A politically-immature Rajiv Gandhi was promoted and he was more and more enmeshed in the opportunistic and corrupt powerplay that went on around him. After his assassination, the party saw non-Gandhis like PV Narasimha Rao and Sitaram Kesri taking guard for sometime. But these people were just stop-overs for there was no ready-made Gandhi to take over at that point of time. Even PV's good work as the PM was not given its due importance and Kesri was ousted in a humiliating manner once Sonia Gandhi agreed to take up the party's responsibility in 1998.

Eroded leadership

But Sonia's refusal to become PM in 2004 and the uncertainty over Priyanka Gandhi to enter politics meant that the issue of succession would again haunt the party in future. Manmohan Singh became a 'viable choice' to become the PM eight years ago but now with enough baggage of failure chasing the 80-year-old man and Pranab too ready to depart from active politics, the Congress will be in a spot of bother to look for a successor in whom it can invest for a long time to come.

The story takes us to the only man left in the line, Rahul Gandhi. But the latest fiasco over Salman Khurshid's 'directionless' comment has clearly indicated that not Singh but it is the Congress itself which can be labelled as the actual 'underachiever'.

Politics can not be run like a royal family business. Each time a Gandhi crumbled a new Gandhi was installed, whether or not the latter had any proper grounding. From the days since Nehru, the electoral base of the party has only been eroded, thanks to ruthless and reckless power politics and the results could be easily soon.

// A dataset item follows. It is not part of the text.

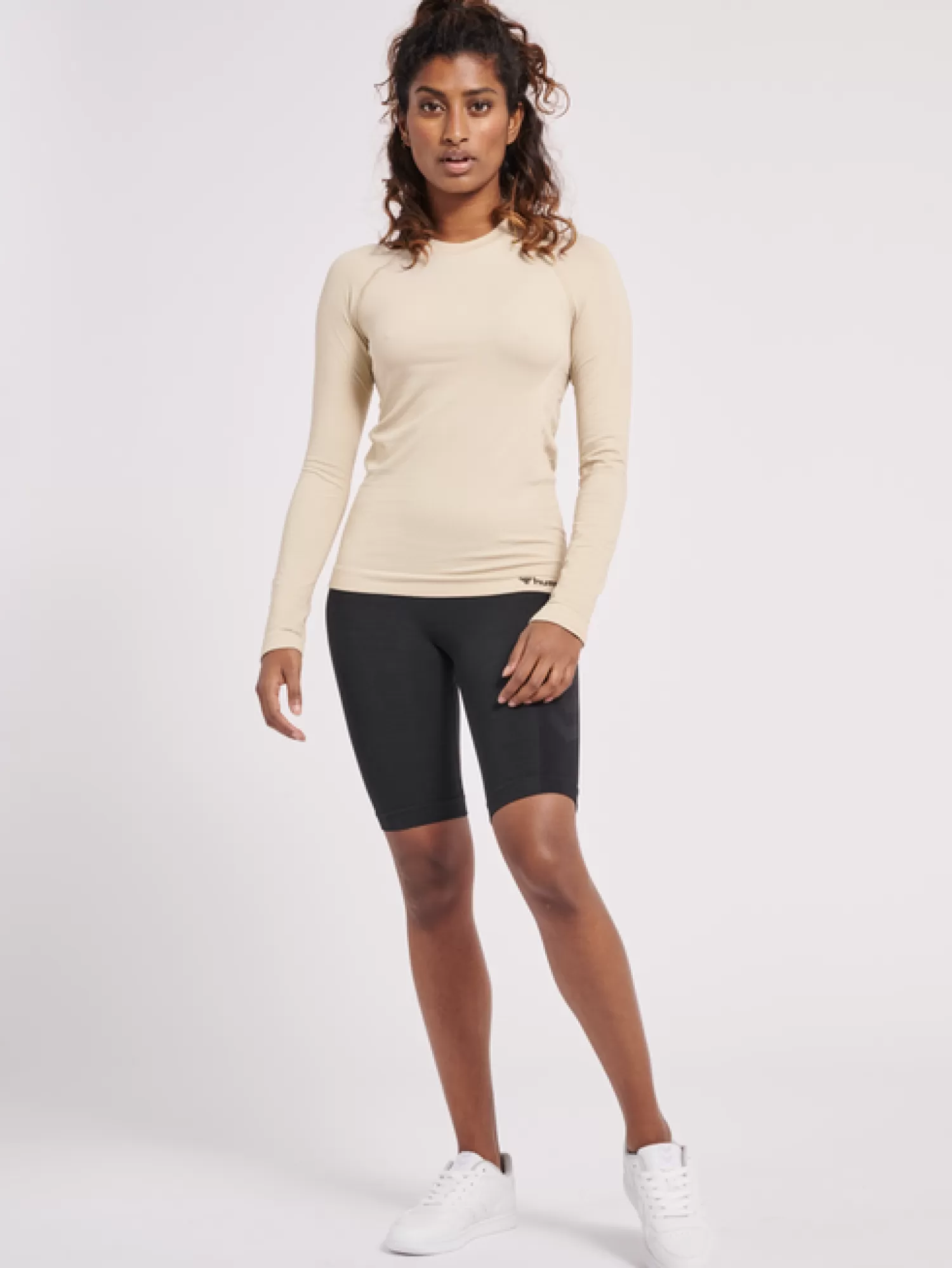 Hummel T-shirts and tops | T-shirts<hmlCLEA SEAMLESS TIGHT T-SHIRT L/S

Senior leaders in the party can visualise that if the party's ways are not mended soon, the future will be a very dark one. The Congress's monopoly got clearly over long ago. The Indian reality today is not what it was during the days of Nehru or Indira.

Several forces have deepened their roots in Indian democracy in the last 25 years or so, most at the expense of a collapsing Congress, but the party leadership has failed to understand the pulse. The top rung of the party is filled with technocrats serving as ministers and advisors and they are working under a Gandhi who have had little grounding in the political realities of the country. Rahul's plights are similar.

Concerns may be genuine but not much maturity

He might harbour genuine concerns like his father did, but until and unless his party regains its lost basic foundation which was deliberately ruined by his predecessors, no effort is likely to succeed, again as his father had experienced. Rajiv Gandhi could do little to give wings to his lofty ambition despite enjoying a mandate that not even his grandfather did not have.